Seroprevalence of HBsAg among vaccinated children varies in different countries ranging from 0 to 2.5%. Seroprevalence of HBsAg was 1.8% in Yemen , 0.13% in Nepal , 2.3% in Papua New Guinea , 0.77% in Eastern China , 2.5% in northwest China , while it was 0.4% in our study. This difference in seroprevalence of HBV infection could be attributed to the difference in vaccine coverage and difference in vaccination schedule.
In our study, seroprevalence of anti-HBc was 5.6%, which is lower than anti-HBc seroprevalence observed in studies conducted in Gambia (17.7%) , China (14.1%)  and Iran (7.5%) . These discrepancies in anti-HBc seroprevalence could be attributed to age difference, race, prevalence of HBV, and immune response level.
Nowadays, mutant hepatitis B viruses are spreading globally. Vaccination regime and vaccine type should also be considered when we administer the vaccine to the child. High seroprevalence of anti- HBc in vaccinated children may indicate the presence of an occult HBV infection, which is a concern for everyone that needs to be addressed .
4.1 Limitations of the study
Some children did not come with their vaccination card. Therefore, we had to use the words of their parents/guardians as evidence for vaccination, which is not always reliable. Other serological markers of active HBV infection, like HBeAg, were not examined in this study. Further, there was an unequal number of vaccinated and non-vaccinated children and the study design did not account for occult infections.
5. Conclusion and recommendation
The vaccine coverage observed in this study is similar to that of the national estimate in 2014. However, less than half of the children had a protective level of anti- body response against HBV vaccine. Further, a negative association between anti-HBsAg antibody concentration and age was observed.
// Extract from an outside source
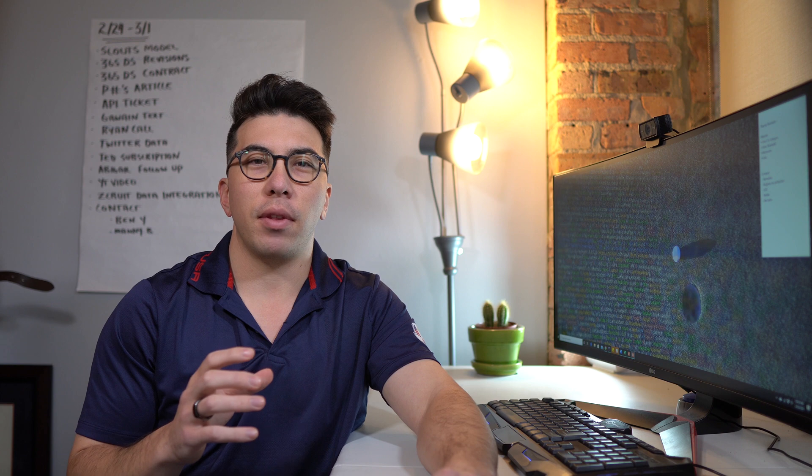Hello everyone, Ken here, back with another video for you. Today I'm talking about the biggest problem that I see data scientists facing today.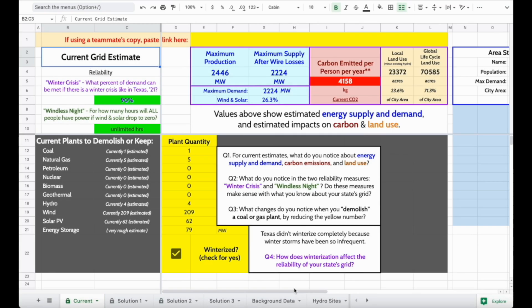When you first open your copy of the energy grid calculator, it will look something like this. These numbers here serve as an estimate of what energy sources are currently used to provide electricity to people and businesses in your area.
Serological markers for hepatitis B virus were low: 0.4% for HBsAg and 5.6% of anti-HBc.
Persistence of anti-HBs antibodies is necessary for the long-term protection against hepatitis B virus infection. Even if different factors can contribute to low antibody response against the vaccine, we need to follow up children after vaccination, in order to see the effect of the vaccine in producing the desired response over time.
Finally, further studies should be undertaken to determine the duration of antibody response against HBV vaccine that may help in which years the vaccine response becomes less and less. For those who did not respond to the vaccine, booster doses should be given to enhance immunological responses to the vaccine. This can be important to elevate the vaccine response. Follow up is needed for those children who are administered with booster doses to evaluate response against the vaccine in those children.
The Ministry of Health through the Clinical Research Capacity Building program at the Armauer Hansen Research Institute (AHRI) funded this study; therefore, we would like to extend our deepest gratitude to both institutions. We would also like to express our deepest appreciation to AHRI laboratory staff, study participants, health extension workers, and all others who supported us in every step of this work.
Conflict of interest
There was no conflict of interest among the authors or with any other parties.